This is how we will be better prepared to counter their offensives,” said Bee Htoo, the army chief of the KNPP.

It remains to be seen, however, whether such an alliance between disparate ethnic groups can remain united and function as planned in the event of an attack by the regime.

While rebel armies in the northern region are restless in fear that they will be targeted first, Karen, Mon and Shan armies are also quietly preparing to defend their territories in the south and in Shan State.

The Karen National Liberation Army (KNLA), the military wing of the KNU, has been fighting the Burmese military for six decades and has never signed a cease-fire agreement with the regime. However, the Democratic Karen Buddhist Army (DKBA), which broke away from the KNLA 15 years ago, is a proxy of the Burmese military that has often clashed with the KNLA, and a substantial number of DKBA troops have reportedly agreed to join the BGF.
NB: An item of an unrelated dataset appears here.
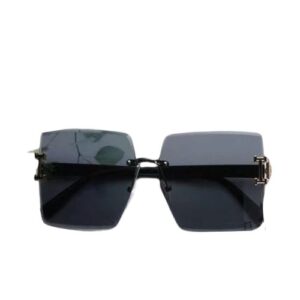 HERMES RIMLESS BLACK SQUARE SUNGLASSES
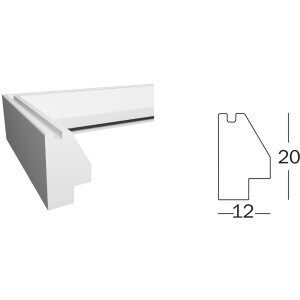 Walther cadre en bois Silhouette 13x18 cm blanc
A Russian MI-24 helicopter (Photo: www.allbestwallpaper.com)
Burmese troops stationed in Karen State have played down previous suggestions that an offensive in that region will be delayed due to the election or the regime’s concentration on the north. Some Karen army commanders also believe a junta offensive could come after the election and preparation is underway in case war breaks out.

In 1993-4, the regime used aircraft in an attack on KNLA Brigade 5 that caused many villagers to flee either to the jungle or the safety of Thai soil. Thai and Burmese military sources said that if fighting breaks out after the election, Burmese troops would likely once again use aircraft to attack Brigade 5 strongholds and KNLA bases on the banks of the Salween River.

There has also been increased friction between Mon rebels and the regime. In a letter to the NMSP on Aug. 23, the junta warned the Mon cease-fire group that it will be outlawed if it does not disarm, and the militia responded with a threat similar to that made by its Kachin counterparts in the north.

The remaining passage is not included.